= Beginning of Section =

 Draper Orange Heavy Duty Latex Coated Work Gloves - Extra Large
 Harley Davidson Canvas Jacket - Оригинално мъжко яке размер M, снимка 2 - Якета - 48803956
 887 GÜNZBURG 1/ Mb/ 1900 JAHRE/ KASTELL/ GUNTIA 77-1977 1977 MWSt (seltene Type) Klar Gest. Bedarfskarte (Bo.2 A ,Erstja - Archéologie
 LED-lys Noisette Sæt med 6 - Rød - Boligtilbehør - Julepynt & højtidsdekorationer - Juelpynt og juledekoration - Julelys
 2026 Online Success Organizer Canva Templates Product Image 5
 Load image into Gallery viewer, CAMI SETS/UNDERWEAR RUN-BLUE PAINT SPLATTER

= End of Section =
= Beginning of Section =

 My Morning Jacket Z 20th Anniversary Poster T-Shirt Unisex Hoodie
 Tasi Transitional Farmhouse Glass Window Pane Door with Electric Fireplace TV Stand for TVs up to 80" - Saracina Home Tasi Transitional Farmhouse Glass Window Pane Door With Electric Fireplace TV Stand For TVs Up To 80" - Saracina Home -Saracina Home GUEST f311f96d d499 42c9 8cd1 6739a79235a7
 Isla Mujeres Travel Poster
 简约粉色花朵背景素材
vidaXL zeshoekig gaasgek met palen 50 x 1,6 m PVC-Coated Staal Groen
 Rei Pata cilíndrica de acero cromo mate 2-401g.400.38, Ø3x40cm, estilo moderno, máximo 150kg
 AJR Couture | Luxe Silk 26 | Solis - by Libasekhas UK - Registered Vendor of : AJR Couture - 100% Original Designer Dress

= End of Section =

What is expected
Across the listing above, count every line containing the string "Coated" and give the result with no comment.

Answer for the task
2